Empiezo a creer que la mesa de diálogo para el tema catalán es una idea excelente. Si no, basta con ver a quienes la descalifican (desde la señora Borràs al señor Garriga) y las alternativas que ofrecen a cambio. Unas alternativas que sólo se pueden entender como políticas si utilizamos un concepto de la política tan amplio como para que entren en él el gazpacho y el fútbol.

Es cierto que la parte catalana de la mesa acude a ella con la cabeza gacha, como si acabara de darle de palos a su abuela, y que la española da un poco de lástima, porque parece tener miedo a creer firmemente en cualquier cosa. Pero hay cierta clase de sólida decencia en el mero hecho de sentarse a dialogar sin demasiado brillo. Una decencia que resulta mucho más inquietante para cualquier fanático que la propia prisión.

Está claro que, en ocasiones (Múnich 1934, por ejemplo), negociar puede ser un error. Sobre todo, cuando se tienen alternativas más dignas y la fuerza y la convicción suficiente para imponerlas. Pero este no es el caso catalán. Ha cometido tantos errores todo el mundo, del rey abajo, que lo único que cabe es rectificar.  Y el primero en hacerlo ha sido Sánchez, poniendo nueve indultos sobre la mesa y asumiendo los costes. Es lo bueno de Sánchez, su rechazo implacable a tomarse en serio sus propias máximas hace que sus argumentos resulten paradójicamente exitosos. Le convierten en el héroe de la reconciliación. Ahora sólo falta ver quién es el héroe de la retirada, una especie de general Lee.

Pero dialogar no es blando, ni ridículo, ni mezquino.

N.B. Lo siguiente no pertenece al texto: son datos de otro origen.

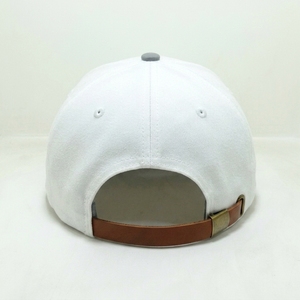 Casquette de baseball personnalisée à 6 panneaux bicolore, visière incurvée, patch rond, OEM ODM, marque privée, vente en gros, faible MOQ - Product Image 5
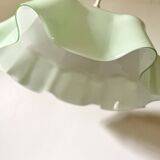 Mint green draped pendant light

Puede evitar la tragedia, y aquello que decía el hermoso poema de Randall Garrell: “En bombarderos con nombres de muchachas fuimos a incendiar las ciudades cuyos nombres habíamos aprendido en clase…”.

Por eso, para describir lo que ocurre cuando el diálogo se rechaza, y la racionalidad se rinde ante el resentimiento, la mezquindad y la obcecación, Christopher Clark (Sonámbulos. Cómo Europa fue a la guerra en 1914, Galaxia Gutenberg) necesitó 800 páginas que cuentan los antecedentes de aquella carnicería y cómo, más de cien años después de su final, nadie acaba de tener demasiado claras las razones por las que comenzó.

Los sujetos que la provocaron, y las masas fanatizadas que los siguieron, eran como sonámbulos. Vigilantes pero ciegos, poseídos por sus ambiciones y prejuicios, pero incapaces de ver la realidad: emperadores, militares, diplomáticos y políticos democráticos que actuaron en los momentos decisivos con una frivolidad y falta de responsabilidad que aún hoy asombran.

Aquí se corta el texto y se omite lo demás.